Neue Tatsachen und Beweismittel können im Rechtsmittel nach Art. 327a ZPO zugelassen werden; die Zulassungsgrundlage wird in der Praxis und der Rechtsprechung mit Art. 317 ZPO analog begründet. Voraussetzung ist, dass die für Art. 317 ZPO geltenden Kriterien beachtet werden. In der Praxis sind neu produzierte Beweismittel überwiegend nur insoweit relevant, als sie die Voraussetzungen der Vollstreckbarerklärung bzw. die im Lugano‑Übereinkommen vorgesehenen Verweigerungsgründe betreffen.

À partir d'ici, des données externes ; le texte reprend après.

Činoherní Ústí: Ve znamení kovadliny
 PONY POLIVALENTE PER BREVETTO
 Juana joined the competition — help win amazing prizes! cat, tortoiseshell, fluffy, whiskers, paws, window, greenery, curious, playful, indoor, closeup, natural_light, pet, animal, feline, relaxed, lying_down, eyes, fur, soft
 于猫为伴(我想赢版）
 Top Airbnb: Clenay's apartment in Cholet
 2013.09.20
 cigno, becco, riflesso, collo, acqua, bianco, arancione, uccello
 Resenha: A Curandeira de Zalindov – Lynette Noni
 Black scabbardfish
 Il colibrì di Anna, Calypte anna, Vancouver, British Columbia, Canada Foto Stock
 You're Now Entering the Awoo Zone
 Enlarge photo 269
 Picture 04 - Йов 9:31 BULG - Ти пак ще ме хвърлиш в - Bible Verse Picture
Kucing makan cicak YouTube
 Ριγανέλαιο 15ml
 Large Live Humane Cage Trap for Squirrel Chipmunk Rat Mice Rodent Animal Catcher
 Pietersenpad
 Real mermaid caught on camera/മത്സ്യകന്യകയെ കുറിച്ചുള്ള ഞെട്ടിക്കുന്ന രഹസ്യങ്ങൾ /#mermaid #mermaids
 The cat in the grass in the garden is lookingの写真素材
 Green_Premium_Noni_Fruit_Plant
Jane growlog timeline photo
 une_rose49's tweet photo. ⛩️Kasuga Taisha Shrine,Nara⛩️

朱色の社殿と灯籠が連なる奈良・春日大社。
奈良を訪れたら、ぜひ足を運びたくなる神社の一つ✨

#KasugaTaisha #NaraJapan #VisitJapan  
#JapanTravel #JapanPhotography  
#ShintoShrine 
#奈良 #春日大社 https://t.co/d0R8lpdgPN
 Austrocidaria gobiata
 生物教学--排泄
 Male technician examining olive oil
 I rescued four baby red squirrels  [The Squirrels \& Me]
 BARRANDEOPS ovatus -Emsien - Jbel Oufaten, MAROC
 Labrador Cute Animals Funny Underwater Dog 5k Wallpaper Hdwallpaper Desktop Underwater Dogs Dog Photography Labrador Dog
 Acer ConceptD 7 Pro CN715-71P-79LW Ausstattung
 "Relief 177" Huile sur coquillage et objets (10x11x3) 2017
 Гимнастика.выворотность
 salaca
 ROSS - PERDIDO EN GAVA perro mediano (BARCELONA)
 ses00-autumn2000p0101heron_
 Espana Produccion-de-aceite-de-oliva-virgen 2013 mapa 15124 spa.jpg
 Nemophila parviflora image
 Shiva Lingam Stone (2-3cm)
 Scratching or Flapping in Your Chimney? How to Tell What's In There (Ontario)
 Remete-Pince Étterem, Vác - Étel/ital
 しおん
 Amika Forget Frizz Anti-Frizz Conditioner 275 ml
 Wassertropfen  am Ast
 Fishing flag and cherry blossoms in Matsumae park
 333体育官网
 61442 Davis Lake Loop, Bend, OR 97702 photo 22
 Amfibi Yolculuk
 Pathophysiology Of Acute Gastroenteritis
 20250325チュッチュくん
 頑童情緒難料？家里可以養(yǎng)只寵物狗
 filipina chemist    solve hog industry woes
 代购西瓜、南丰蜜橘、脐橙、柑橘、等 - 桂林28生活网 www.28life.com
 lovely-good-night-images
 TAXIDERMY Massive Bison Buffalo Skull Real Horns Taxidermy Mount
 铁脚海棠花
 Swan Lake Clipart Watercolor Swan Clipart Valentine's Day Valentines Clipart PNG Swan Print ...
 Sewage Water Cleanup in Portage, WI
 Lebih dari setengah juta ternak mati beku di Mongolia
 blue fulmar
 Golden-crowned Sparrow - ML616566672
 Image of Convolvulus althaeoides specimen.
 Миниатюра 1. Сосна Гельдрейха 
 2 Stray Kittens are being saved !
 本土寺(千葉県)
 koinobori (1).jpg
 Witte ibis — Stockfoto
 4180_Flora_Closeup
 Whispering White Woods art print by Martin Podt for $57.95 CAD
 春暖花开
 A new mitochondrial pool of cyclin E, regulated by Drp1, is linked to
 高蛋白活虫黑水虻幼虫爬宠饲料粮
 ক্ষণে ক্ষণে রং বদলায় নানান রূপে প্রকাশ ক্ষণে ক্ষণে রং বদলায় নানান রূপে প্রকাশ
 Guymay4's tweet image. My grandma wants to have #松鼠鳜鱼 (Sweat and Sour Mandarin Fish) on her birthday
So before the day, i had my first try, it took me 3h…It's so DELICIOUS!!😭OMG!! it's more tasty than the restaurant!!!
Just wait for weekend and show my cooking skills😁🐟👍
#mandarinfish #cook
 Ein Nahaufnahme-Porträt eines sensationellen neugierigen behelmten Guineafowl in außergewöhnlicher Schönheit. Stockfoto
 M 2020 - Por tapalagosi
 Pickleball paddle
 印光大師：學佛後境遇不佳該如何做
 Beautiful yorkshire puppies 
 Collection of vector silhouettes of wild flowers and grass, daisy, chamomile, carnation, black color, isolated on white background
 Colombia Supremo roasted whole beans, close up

“4.1 4.1.1 Lorsque le recours est dirigé contre une décision du tribunal de l'exécution au sens des art. 38 à 52 CL, le tribunal examine avec un plein pouvoir de cognition les motifs de refus prévus par la Convention (art. 327a CPC). Dès lors que la procédure de première instance est unilatérale et que la partie adverse ne peut faire valoir son point de vue que dans la procédure de recours, l’art. 326 CPC ne peut trouver application dans la procédure d’exequatur; dans la procédure de recours selon l’art. 43 CL en relation avec l’art. 327a CPC, les nova doivent être admissibles, en particulier dans le cas du prononcé ultérieur d’un jugement sur appel dans l’état d’origine (arrêt du Tribunal fédéral 5A_79/2008 du 6 août 2008 consid. 4.2.2). L’admission de nova dans la procédure selon l’art. 327a CPC ne peut pas se fonder sur l’art. 229 CPC (cf. ATF 138 III 625 c. 2.2), mais bien sur l’art. 317 al. 1 CPC appliqué par analogie, d’autant plus que tel qu’il est aménagé, le recours selon l’art. 327a CPC se rapproche de l’appel (arrêt du Tribunal fédéral 5A_568/2012 du 24 janvier 2013 consid. 4). Selon l'art. 317 al. 1 CPC, les faits et les moyens de preuve nouveaux ne sont pris en considération en appel que s'ils sont invoqués ou produits sans retard (let. a) et s'ils ne pouvaient pas être invoqués ou produits devant la première instance bien que la partie qui s'en prévaut ait fait preuve de diligence (let. b). Ainsi, la base de décision doit être l'état de fait au moment de la prise de décision en deuxième instance (Reetz/ Hilber, in: Sutter-Somm/Hasenböhler/Leuenberger [éd.], Kommentar zur Schweizerischen Zivilprozessordnung, Zurich 2010, n. 56 ad art. 317 ZPO; arrêt du Tribunal fédéral 5A_568/2012 du 24 janvier 2013 consid. 4). 4.1.2 Les faits notoires ou notoirement connus du tribunal et les règles d'expérience généralement reconnues ne doivent pas être prouvés (art. 151 CPC). Même le Tribunal fédéral peut les prendre d'office en considération; dans cette mesure, les faits notoires sont soustraits à l'interdiction des nova (arrêt du Tribunal fédéral 5A_719/2018 du 12 avril 2019 consid.”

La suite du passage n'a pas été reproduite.